Unemployment is generally associated with reduced health, including mental illness48,49,50. Accordingly, individuals in this sample who were previously unemployed show higher EI scores than individuals who were never unemployed. Even when employment continues again, the experience of unemployment seems to negatively affect health51.

Our findings largely confirm the assumption derived from the theory of goal discrepancy15 that EI represents a more severe impairment of well-being compared to CI. EI seems to capture more significant distress compared to CI because it captures the emotional strain and not only the mental preoccupation with work, which explains the stronger correlations with the other mental impairment scales (e.g. PHQ-4, Mini-ICF-APP-S, etc.). Perceived anger, nervousness and irritability (components of EI) are experienced rather physically, which could explain the higher correlations with the somatic scales with the EI compared to the CI. Causality cannot be assumed, but rather an interdependence of the components49,52.

The correlations with the assessed health indicators confirm overall the construct validity of the Irritation Scale. The GI as well as the subdimensions CI and EI correlate consistently with other indicators of mental well-being, functioning, and physical and mental health in the expected direction. Moreover, the experience of bullying as a main work stressor53,54 is also significantly positively related with higher levels of irritation.

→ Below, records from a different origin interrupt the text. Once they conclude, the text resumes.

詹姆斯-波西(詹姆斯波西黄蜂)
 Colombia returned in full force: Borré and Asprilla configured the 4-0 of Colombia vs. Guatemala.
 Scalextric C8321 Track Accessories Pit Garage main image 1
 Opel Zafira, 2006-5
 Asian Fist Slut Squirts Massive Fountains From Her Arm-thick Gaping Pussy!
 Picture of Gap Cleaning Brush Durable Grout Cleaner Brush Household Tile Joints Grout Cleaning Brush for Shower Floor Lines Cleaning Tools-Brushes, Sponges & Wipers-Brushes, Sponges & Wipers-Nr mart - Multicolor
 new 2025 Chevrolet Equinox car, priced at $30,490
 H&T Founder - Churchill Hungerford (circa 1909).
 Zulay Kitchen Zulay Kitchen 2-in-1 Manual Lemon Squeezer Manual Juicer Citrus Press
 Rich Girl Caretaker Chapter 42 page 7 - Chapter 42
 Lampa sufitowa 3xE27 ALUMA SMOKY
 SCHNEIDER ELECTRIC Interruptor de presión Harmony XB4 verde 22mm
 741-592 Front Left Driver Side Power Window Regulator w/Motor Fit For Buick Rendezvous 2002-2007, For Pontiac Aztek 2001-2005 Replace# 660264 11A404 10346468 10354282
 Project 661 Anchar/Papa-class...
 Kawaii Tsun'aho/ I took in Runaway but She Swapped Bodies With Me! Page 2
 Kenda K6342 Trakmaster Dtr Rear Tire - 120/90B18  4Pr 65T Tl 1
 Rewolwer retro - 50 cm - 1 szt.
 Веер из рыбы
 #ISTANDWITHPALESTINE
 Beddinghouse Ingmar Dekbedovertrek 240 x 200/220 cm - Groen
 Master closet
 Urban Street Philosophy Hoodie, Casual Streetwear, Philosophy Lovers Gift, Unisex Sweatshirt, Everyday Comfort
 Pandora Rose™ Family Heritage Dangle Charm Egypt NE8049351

We reviewed the factor structure of the IS scale using the available data. The findings of the factor analysis point to a two-factorial structure of the scale, although the fit of the two-factorial model in the CFA is slightly poorer, than that calculated by Müller et al.16, and shows contradictory fit. The two-factorial model should not be rejected because of its indices. Many authors prefer the use of fit indices for a differentiated consideration of possible model strengths and weaknesses55, or, in particular, for a comparison of models56, rather than simply applying strict cut-offs57,58. According to RMSEA the two-factorial model reasonably match the empirical data, though the CFI indicates an insufficient fit of the hypothesized model compared to a null model, i.e. a potential model with zero fit. A bifactorial model that would represent the theoretical assumptions of the irritation construct with one general factor and two underlying subfactors EI and CI did not converge, due to negative error covariances. Eid et al.59 reports that bifactorial models frequently result in improper solutions and misspecifications, because main assumptions of bifactorial models are often not met, i.e. uncorrelated first order factors, loadings of observed variables on first-order factors as well as the general factor. Post-hoc analyses indicate that the bifactorial model in our study can be specified if a loading on the GI is not allowed for some items. Improving the operationalization of the GI should therefore be the subject of further research.

Overall, the presented strong factor loadings and the plausible correlation patterns of the EI and CI subfactors with other constructs support the reasonable interpretation of the two subscales, although the CFA results suggest that the factor structure of the irritation scale requires further investigation. Unfortunately, we could not finally clarify with the performed CFA how the additional overall factor GI can be exactly operationalized. Therefore, its interpretation should be taken with caution.

Limitations

This is a cross-sectional study. No causality can be derived from the correlations with the other scales presented here. Moreover, apart from bullying, no further information on the job and working conditions was collected so that no further correlations with irritation can be examined.

Conclusion

The Irritation Scale (IS) is recommended for the asessment of work-related mental strain and is particularly valuable for the early detection of a potential deterioration of (mental) health. The present study corroborated the construct validity of the IS. With the new normative data presented here, an even more accurate classification of IS values in respect to the general German working population is possible. Underestimation of the average level of irritation in organisations can be avoided in the future.